He stopped for a brief meet and greet with well-wishers, shaking hands with flag-waving supporters and kissing children.

During his 1979 visit to Ireland, Pope John Paul II had planned to stop on the street to visit Matt Talbot’s tomb in Our Lady of Lourdes church. However, the popemobile was running behind schedule and drove on, much to the disappointment of many local people. Some said afterwards joyriders did not go down Seán McDermott Street as fast.

Pat Collins was among those who waited on Sean McDermott Street in 1979 in the hope of catching a glimpse of Pope John Paul II.

On Saturday, Mrs Collins was back in Dublin with her sons Lawrence, Noel and Brendan, grandchildren and extended family.

“It’s great to be back after 40 years to see Pope Francis come here,” Mrs Collins said.

“In 1979 there were benches lined along the street and we all sat here waiting for Pope John Paul II as we were expecting him to stop, but he didn’t.

“I have been to Rome twice and never got a glimpse of him.

“But it’s far better to see him here at home. It means the world to me, my boys and my grand kids.”

Baby names

Her son Noel was just six when he travelled with his mother to see Pope John Paul II in Dublin in 1979.

He returned on Saturday with his six-year-old daughter Tilly and three-year-old son Joseph.

Alan Ramsay from Dublin was also among the excited crowds.

He predicts that a lot of babies born in Ireland over the next few years will be named after the pope.

“After the last visit, you had a lot of babies called John Paul. This is even better because you can call boys Francis, and girls Frances,” he said.

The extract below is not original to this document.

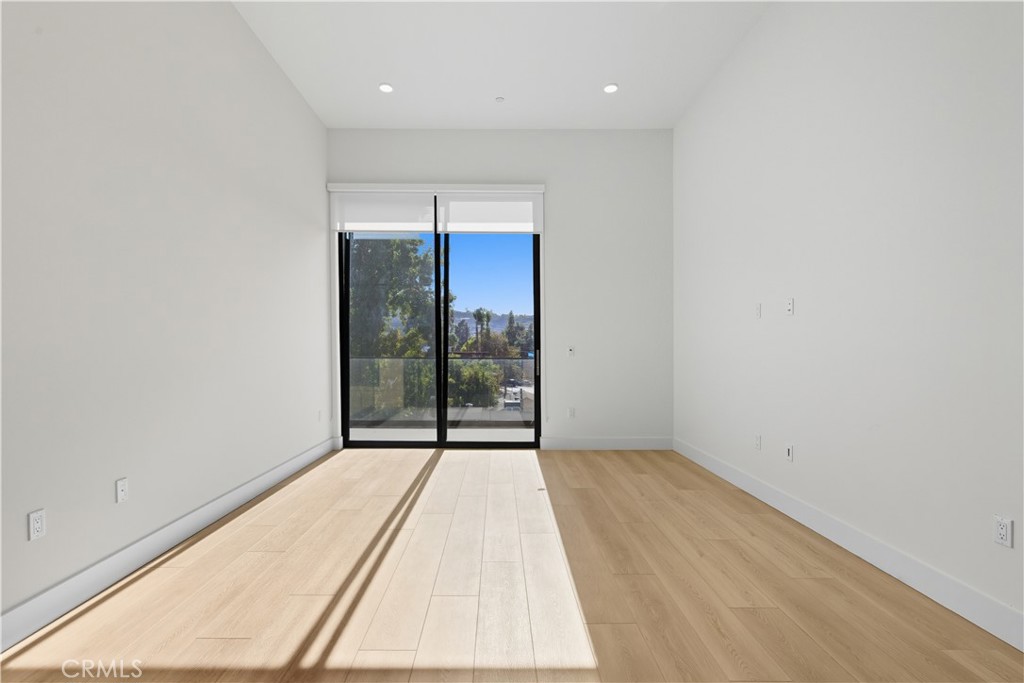 12078 Guerin Street, Unit 406 Studio City, CA 91604 - Photo 12 of 16 an empty room with entrance door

“I was born on the flats on Sean McDermott Street right beside where he is visiting. It’s happy days and I hope the weather keeps up for us.”

Co Tyrone-born nun Sr Maire McAleer was among those who had travelled from Belfast to see the Pope.

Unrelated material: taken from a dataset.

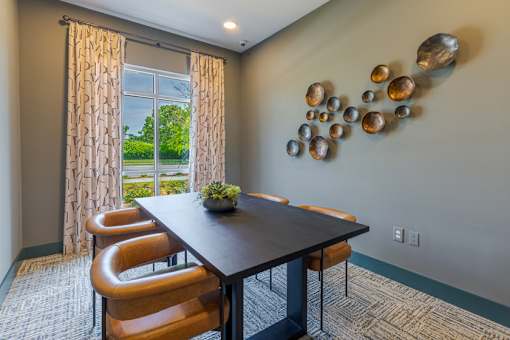Community business center with private workspaces and modern seating at Springview Apartments near Panthersville Road.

Sr Maire McAleer of the Adoration Sisters in Belfast awaits the arrival of Pope Francis on Sean McDermott Street in Dublin. Photogrpah: Rebecca Black/PA
Sr Maire McAleer of the Adoration Sisters in Belfast awaits the arrival of Pope Francis on Sean McDermott Street in Dublin. Photogrpah: Rebecca Black/PA

She is a member of the Adoration Sisters based on the Falls Road.

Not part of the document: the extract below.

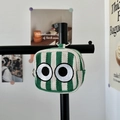 Mini green striped canvas pouch with embroidered eyes and silver keychain hook - Green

“I saw Pope John Paul twice and Pope Benedict once,” she said.

“He (Pope Francis) is a wonderful man.

“We have to remember this event is the World Meeting of Families, it’s not just a visit to us, it is a privilege for us to host and to host so many people.”

Magdalene laundry

After Sean McDermott Stret the pope took a short trip to St Mary’s Pro-Cathedral.The procession of cars swept past the green door of the last Magdalene laundry which closed its door in 1996.

Will Hamilton threw a pair of baby shoes on the road in front of the pontiff’s car.

He is part of the Baby Shoes Remember campaign which wants to see a day each year dedicated to victims and survivors of clerical abuse.

“I threw the baby shoes into the middle of the road, but a Garda picked them up and threw them away,” he said.

“They are laced with black ribbon, mourning ribbon, and they are a symbol to unite all the protests against the pope.

A number of the laced baby shoes are set to be displayed at the Garden of Remembrance in Dublin on Sunday as the pope begins mass at the Phoenix Park at around 3pm.

Mr Hamilton said there will also be baby shoes displayed in solidarity in a number of cities and towns across Ireland, as well as internationally.